Just looking for some opinions on HDD acoustic modes. I got a Dimension 8400 and in the bios it gives an option for changing the IDE drives acoustic mode / sound level. The option that i have on now for "performance" seems alot better for speed, but it makes the HD sound like its 5 years old....while the default (drive manufacturer) setting was obviously slower but i couldnt hear the HD grinding away. Any thoughts or knowledge / experience about this subject? Should i stay away from the performance option? Is it burning up my HD's? Most data that i got im not worried about, and the stuff that i am worried about i make frequent backups of....

Thanks for reading


----------



## kronus (Apr 15, 2004)

I'd keep it on the performance mode, for the speed, and just keep an eye on the drive. There's nothing worse than blowing a drive and losing all that data. Keep up the backups, but I'm sure you'll find the drive living a good long life.


----------



## SirKenin (Nov 17, 2005)

Performance mode simply means it's running at spec. There's nothing to worry about and nothing to watch out for. Some HDDs are noisier than others, that's all. Some are like those rock polishers you used to have as a kid, others are near silent at spec.

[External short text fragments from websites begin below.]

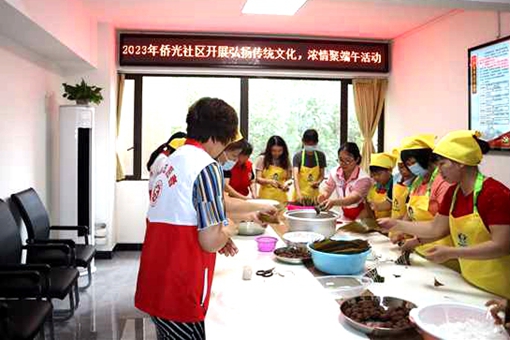 僑光包粽子1.JPG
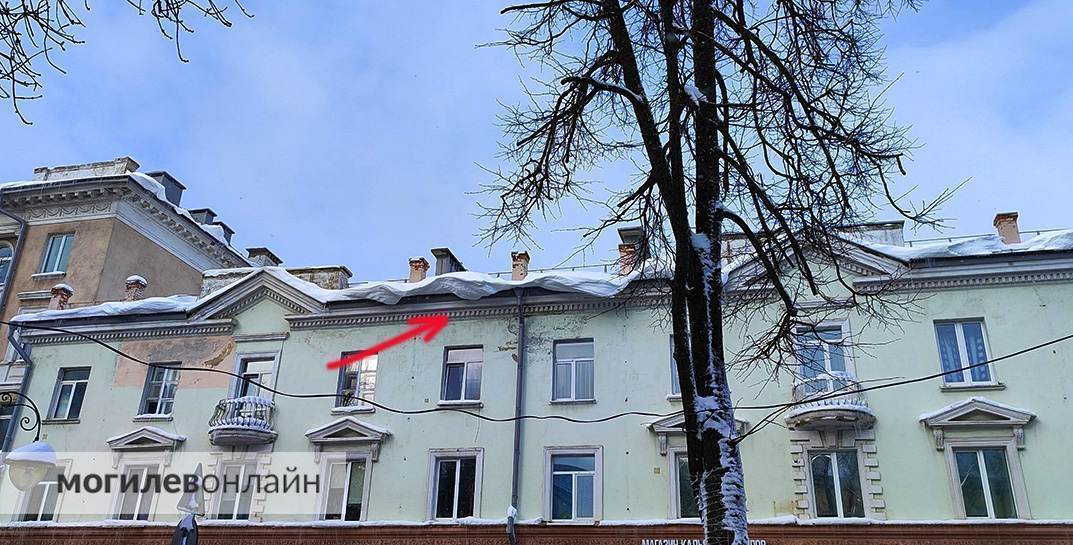 Могилевчане, обратите внимание! Из-за схода снега с крыш возле домов ходить опасно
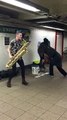 Musiciens du métro énorme à union square - Jazz et danse!!!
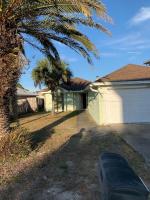 Beautiful House Sleeps 12 - Hot Tub - Breakfast - Walk to Beach - Chambres d'hôtes Panama City Beach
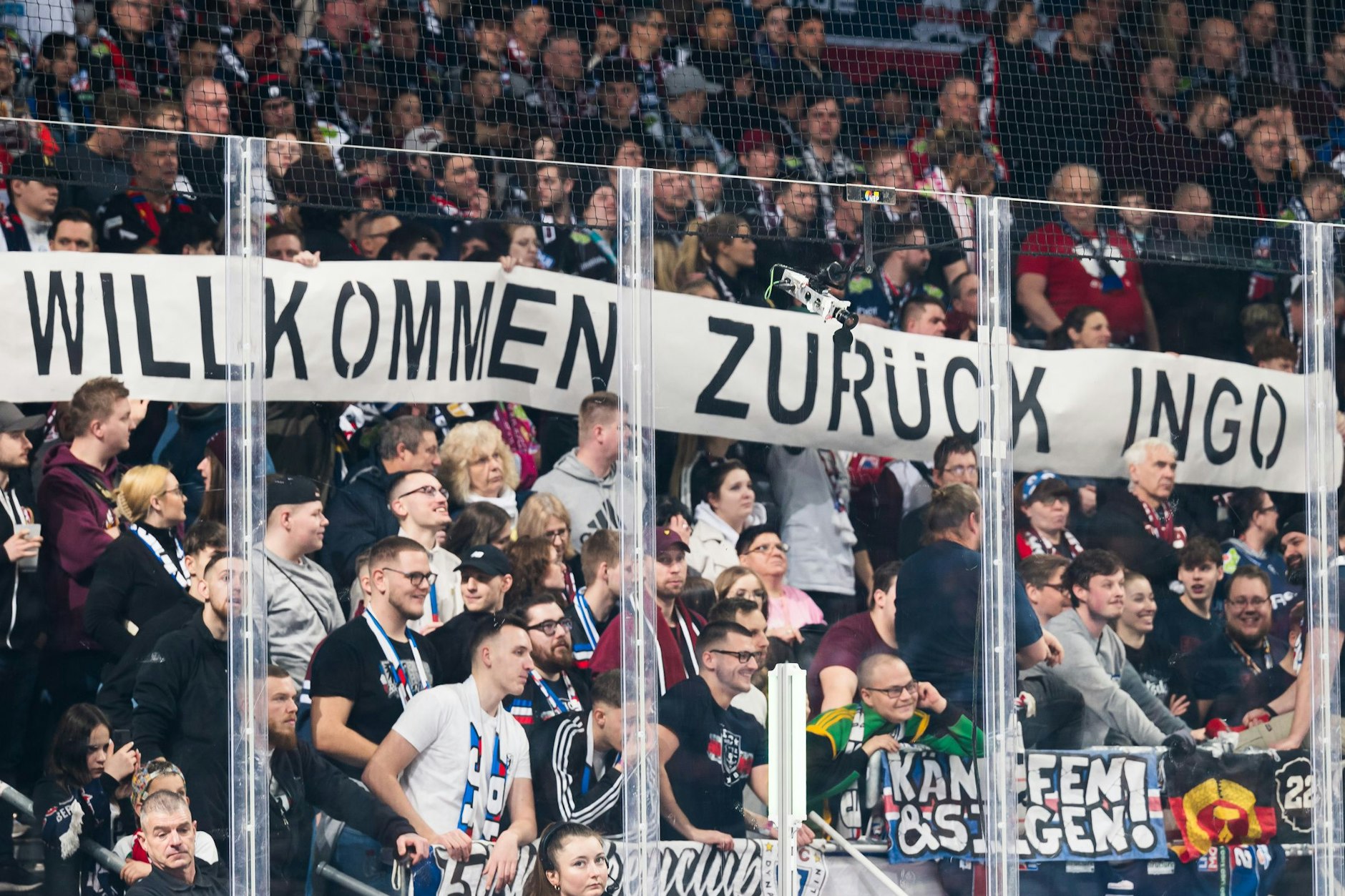 Ingo Schröter ist zurück bei den Eisbären und wird von den Fans in der Uber Arena auch mit einem Banner begrüßt.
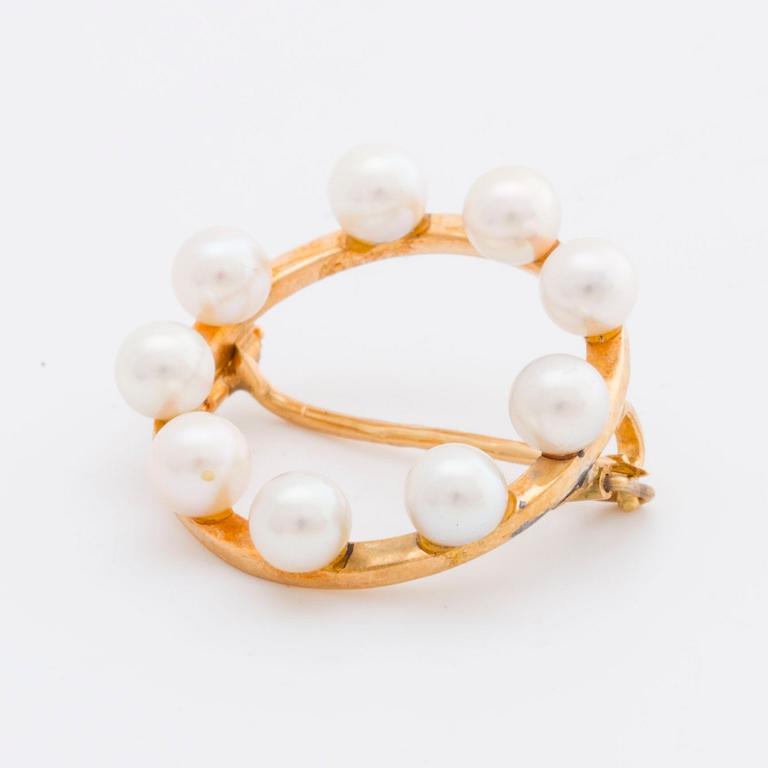 BROOCH 18K gold cultured pearls approx 4,5 mm.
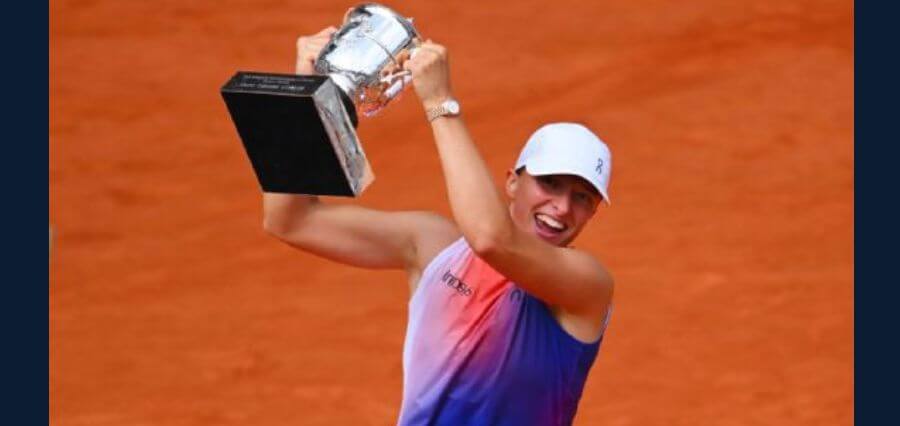 Read more about the article Swiatek Defeats Jasmine Paolini to Clinch French Open Final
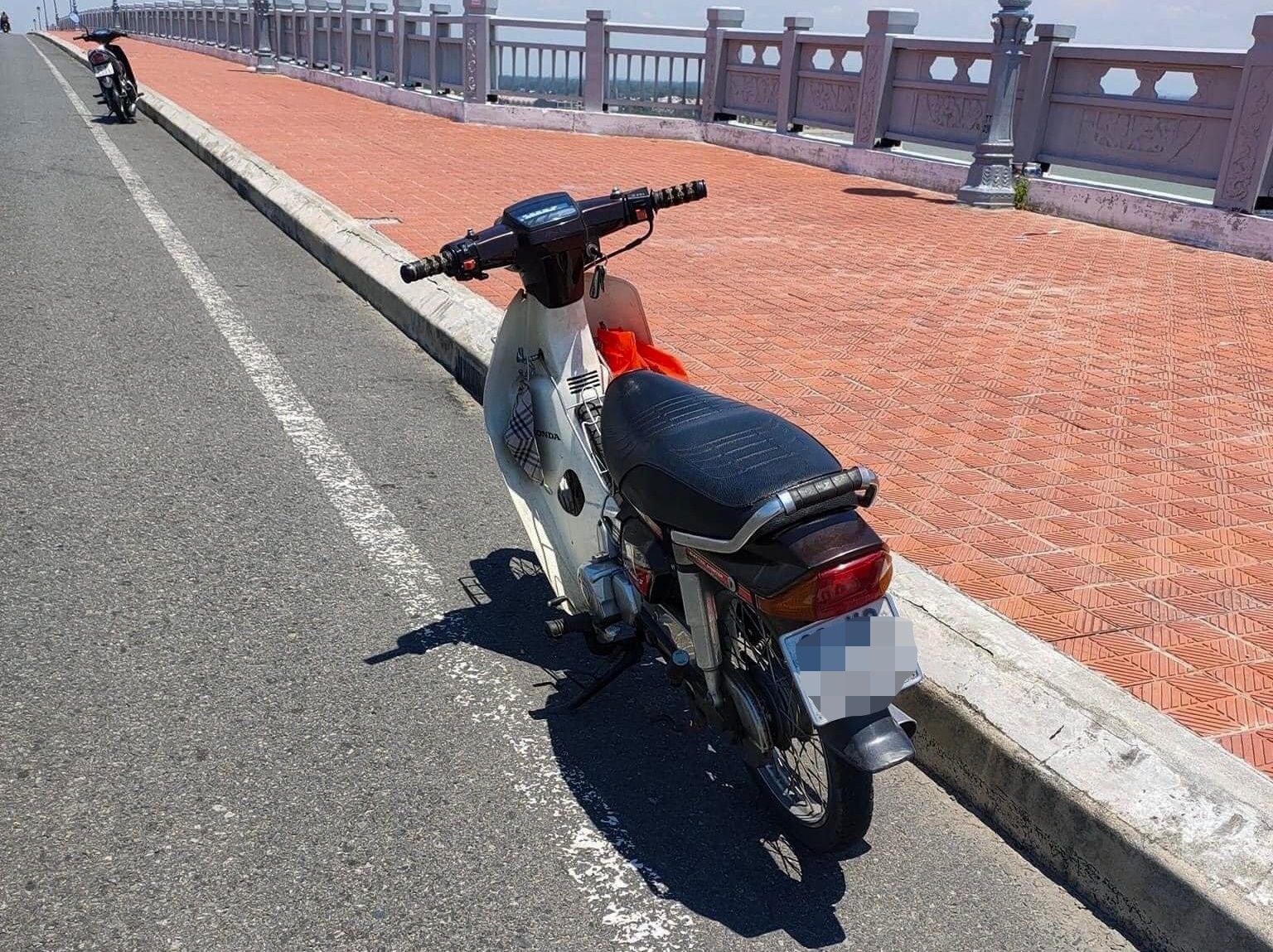 hai nguoi nhay cau Cua Dai anh 1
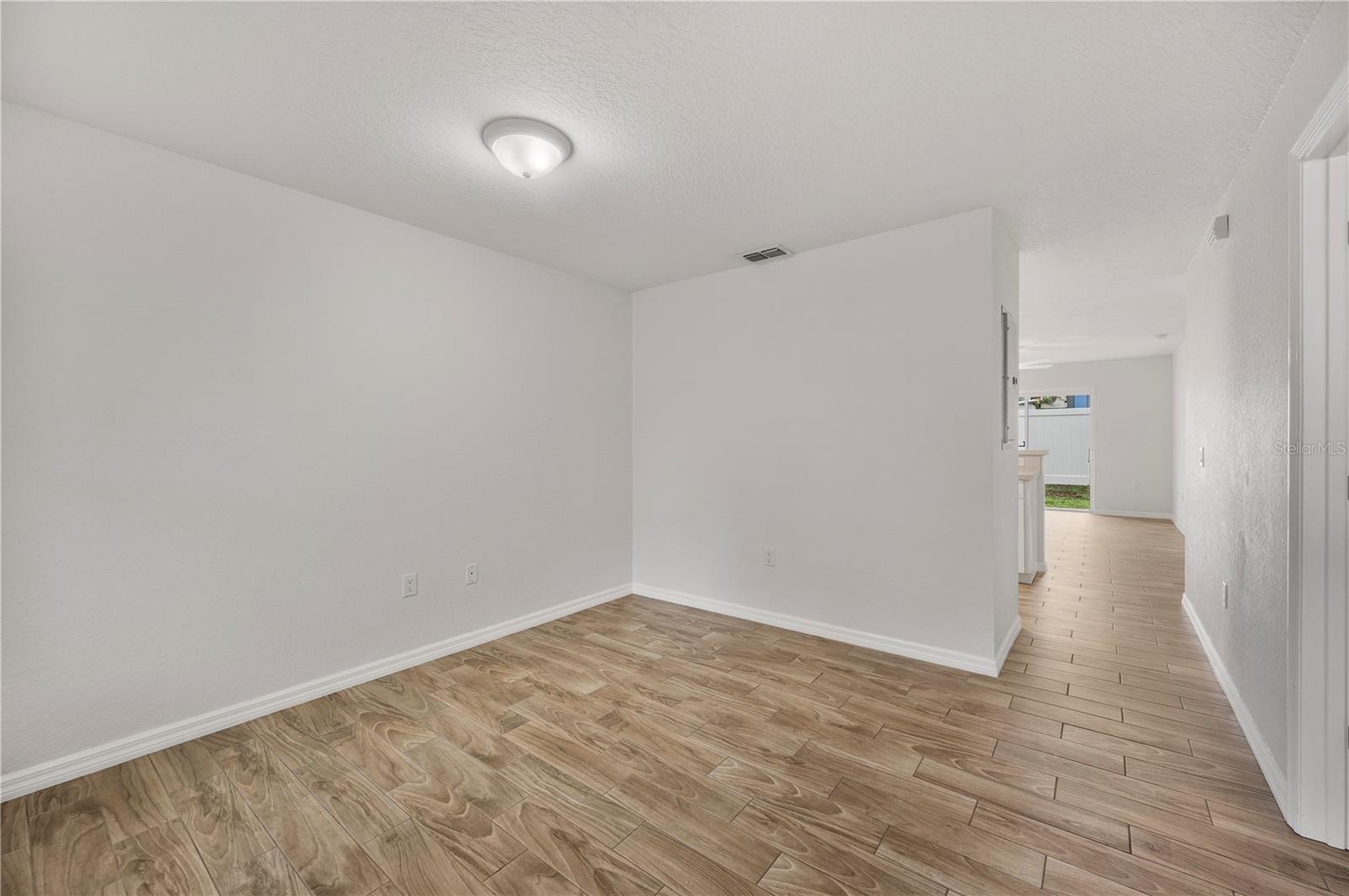 Image 9 of 57 For 210 Orange Avenue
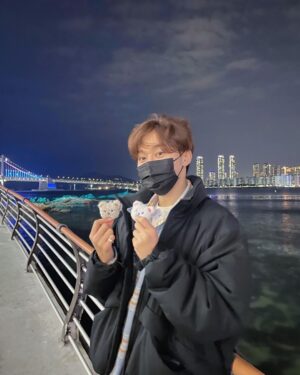 Seungkwan Instagram - 부산✌️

The default setting actually spins the drive down a bit which is why you are losing performance. I wouldn't use this option myself. Mind you I have enough computers and fans in this office that I wouldn't hear a jumbo jet if it flew overhead.


----------



## vookster82 (Dec 17, 2003)

Thanks for the reassurance  I figured the bios was set that way from dell on purpose to avoid having the illiterates calling dell and saying "my harddrive is grinding, i think its breaking". Kinda like how dell is not enabling the hyperthreading in the bios settings now on a lot of newer computers....ofcourse i dont think it really helps anyways....i never noticed a difference but i still keep it on  guess it really depends on the type of apps used.

My 250 GB is running usually around 48'C and my 80 GB usually around 42'C. From what i read this is fairly normal. But when im doing stuff on my 250GB slave drive it its usually max's out around 51-52'C. Which i think is so so, i think anything near 60'C is a big red flag....so i think i should be alright. Granted im using this HDD themometer to monitor the temp and this is the starting point of a accurate temp...nice little freebie. http://www.snapfiles.com/get/hddthermometer.html

Anyone ever use that progy?
catch yall later, thanks again


----------



## vookster82 (Dec 17, 2003)

guess noone used the progy. how do i bump my post again...forgot how, its been a while


----------